The doyenne of a generation that included Christian Dior and Pierre Balmain, Marie-Louise Carven-Grog, born Carmen de Tommaso, launched her house in 1945 with the aim of dressing women of similarly small stature — making her one of the rare female couturiers in Paris after Elsa Schiaparelli and Gabrielle Chanel.

The designer traveled the world with her collections and brought back a trove of exotic influences. She died in 2015 at age 105.

Shawna Tao, Carven’s chief executive officer, described Trotter as the “perfect candidate to revive the house.”

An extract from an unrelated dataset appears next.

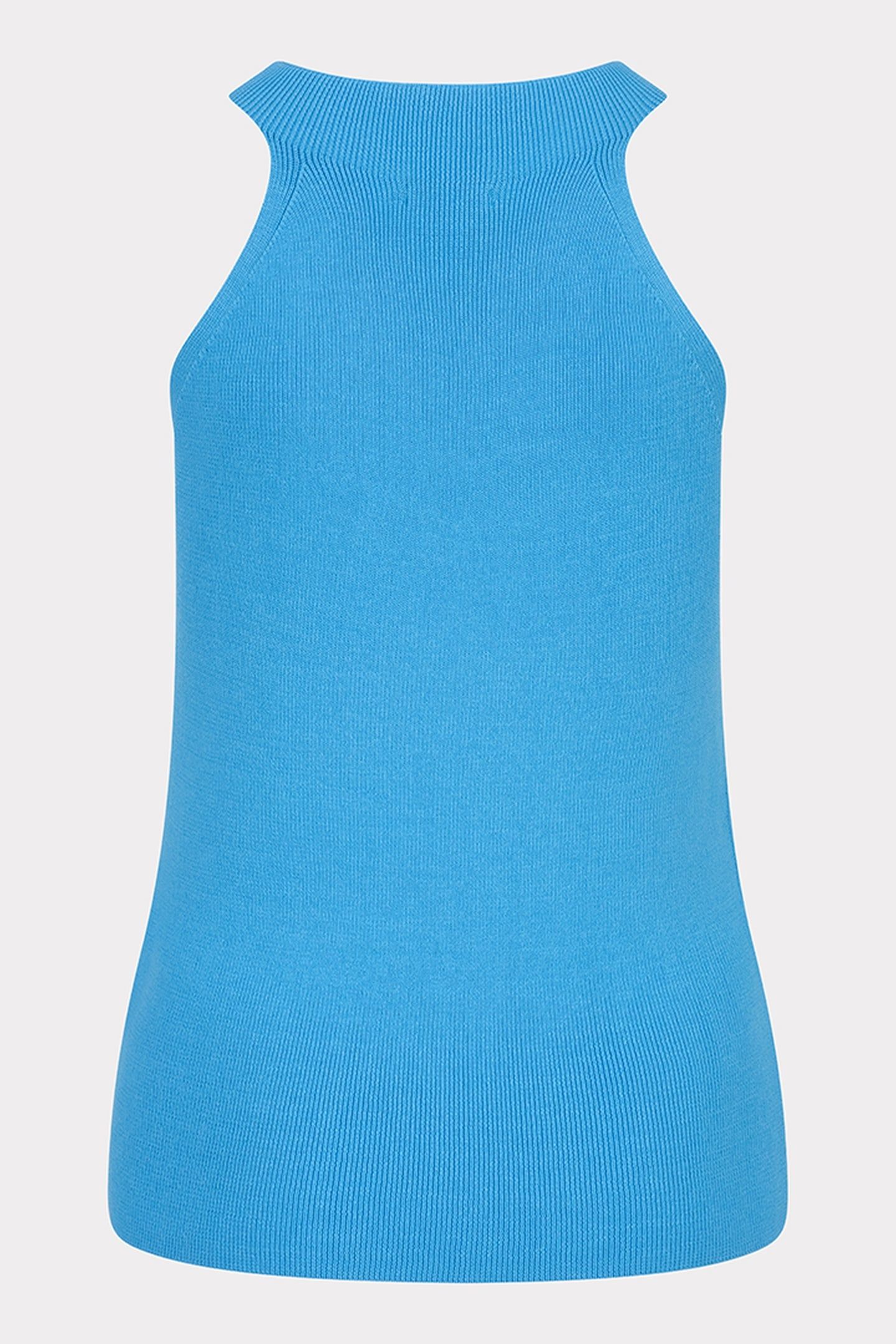 CAMISOLE R-NECK HALTER WAVE BLUE 6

“She is a talented designer who has the conviction and know-how to create meaningful clothes with a unique understanding of what luxury and sportswear mean today,” she said. “I believe that her values and openness can lead this 70-year-old fashion house to an exciting new place.”

Carven’s parent company, Icicle Shanghai Fashion Group Co. Ltd., purchased the French label in 2018.

In 2021, the brand opened a flagship at 6 Rond-Point des Champs-Élysées in Paris, the address where founder Marie-Louise Carven established her fashion house.

Trotter studied fashion design at Newcastle University, and worked at contemporary British label Whistles before moving Stateside to design for Calvin Klein, and later Gap and Tommy Hilfiger.

She returned to London for a stint at Jigsaw and then served as creative director of Joseph from 2009 and 2018, a period of product diversification and international expansion for the brand.

At Lacoste, Trotter “explored innovative methods of upcycling,” Carven noted, given that the brand is committed to environmentally friendly fashions.

Madame Carven favored simple constructions and clean lines, exemplified by the green-and-white stripes that became the house signature. She also employed modest textiles, including cotton gingham and broderie anglaise, describing her style as “sober, practical and young, with a lot of sports garments.”

By introducing comfort and freedom into the rarefied world of haute couture, her creations captured the insouciance of the post-World War II era in Paris, garnering a following among stars such as Leslie Caron, Édith Piaf and Michèle Morgan.

She designed ski outfits and bathing suits and was among the first to produce ready-to-wear, as part of an initiative launched in 1950 that brought together manufacturers with a group of couturiers that included Jacques Fath, Robert Piguet, Jean Dessès and Jeanne Paquin.

Following its acquisition in 2008 by Société Béranger, the Carven brand underwent a renaissance under artistic director Guillaume Henry, who positioned it as a contemporary brand.

After Henry moved to Nina Ricci, Carven initially named Alexis Martial and Adrien Caillaudaud as artistic directors for the women’s collections, and Barnabé Hardy for men’s. Carven then sold a majority stake to Hong Kong-based Bluebell Group in 2016 and suspended the men’s line that year.

Designer Serge Ruffieux took the creative helm of Carven in 2017 for a three-season stint, which ended when Icicle bought the beleaguered brand out of bankruptcy.